Nutrition Fads Vs. Facts: Carbs
Do you feel bad for eating carbs? You shouldn’t! Carbohydrates are a macronutrient needed for optimal energy. Unfortunately, diets create confusion and false messaging around carbs. It’s time to get to the bottom of nutrition fads vs. facts as it relates to carbs!
What are Carbs?
Carbs, short for carbohydrates, are one of the main macronutrients. The others are protein and fat. Each of the macronutrients are important because each fuel the body differently.
Carbohydrates are the body’s primary source of energy. The brain uses 120 g of carbohydrates daily, which is approximately 8 slices of bread! If you’ve followed a low-carb diet in the past, chances are you felt a dip in energy due to lack of carbohydrates.
When you think of carbohydrates, what’s the first food that comes to mind? Probably bread or pasta. Other foods containing carbohydrates include fruits, starchy vegetables, beans, legumes, dairy products, and grains (quinoa, rice, oats, cereal, etc.)
You see? Carbs go beyond just bread and pasta.
Debunking 3 Nutrition Fads: Carbs
Fad #1. Complex carbs are good. Simple carbs are bad.
First, let’s establish the difference between complex and simple carbs. Complex carbs contain longer chains of sugar molecules than simple carbs. Thus, it takes longer to digest complex carbs.
Examples of complex carbs include:
- Whole grains, such as brown rice
These foods provide a longer source of energy than simple carbs. However, that does not mean simple carbs are bad.
Examples of simple carbs include:
- Milk products
- Products with added sugar, such as baked goods or candy
Fruits, vegetables, and milk products also come packed with vitamins and minerals. Furthermore, no food has moral virtue, which is why I recommend removing labels such as “good” and “bad” to describe food in the first place.
Fact: Complex carbs take longer to digest than simple carbs, but that doesn’t mean simple carbs are bad. Remove the labels “good” and “bad” to describe food because food does not have moral virtue.
Fad #2. Don’t eat any “white” carbs.
The Dietary Guidelines for Americans recommends making half of grain choices whole grain. But that doesn’t mean white grains are bad for you. Sure, whole-grains naturally contain more fiber, vitamins and minerals as compared to white refined grains. But many refined grains are enriched, which means B vitamins and certain minerals are added back after processing.

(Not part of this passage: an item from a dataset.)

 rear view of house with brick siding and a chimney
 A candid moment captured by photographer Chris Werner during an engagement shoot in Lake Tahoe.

Other white foods that contain carbohydrates include:
- Greek Yogurt
- Cauliflower…yes cauliflower.
You wouldn’t call cauliflower unhealthy, would you? But it’s a white food that contains carbs.

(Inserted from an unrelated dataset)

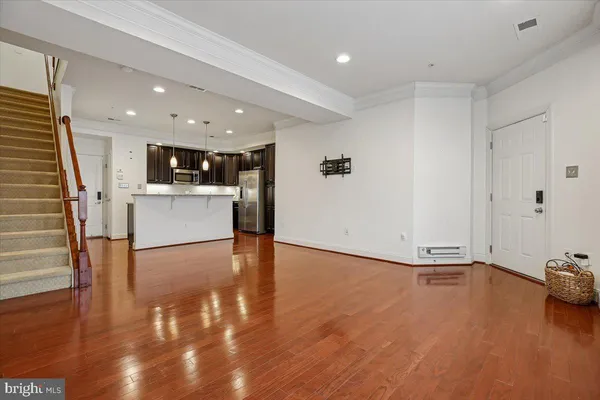 a kitchen with stainless steel appliances kitchen island granite countertop a sink stove and refrigerator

The white potato gets a bad rap, which is unfortunate. Potatoes contain potassium, vitamin C, and some fiber when the skin is eaten. Another example: Greek yogurt. It contains carbohydrates from the sugars naturally found in milk. It’s rich in protein and probiotics – good for a healthy gut!
Fact: Just because a carbohydrate falls under the “white” category does not mean it contains zero nutrition. In fact, there are many “white”’ foods with nutritional value.
Fad #3. You shouldn’t eat carbs at night.
Do you feel guilty eating late in the evening? Even worse if you eat carbs? Many of my clients come to me feeling like they can’t eat carbs at night because they won’t have enough time to “burn” them off.
There’s no evidence whatsoever that your body stops processing carbs after a certain time. Your metabolism is working 24/7…even when you are at rest.
Also, there are many carb foods that are beneficial to eat before bed. Remember Greek yogurt from the previous example? Dairy foods, like yogurt, contain melatonin, a key hormone for regulating sleep. Tart cherries are another carbohydrate food that also contain melatonin, beneficial for better quality sleep.
Lastly, carbs are easier to digest than fats and protein. So if you want a light snack that’s easily digestible before bed, carbs are perfect for that!
Fact: Your body continues to digest carbohydrates, even at night. Carbs are an easy to digest food when looking for a bedtime snack.
The Bottom Line on Carbs
Your body and brain needs carbs, just like it needs protein and fat.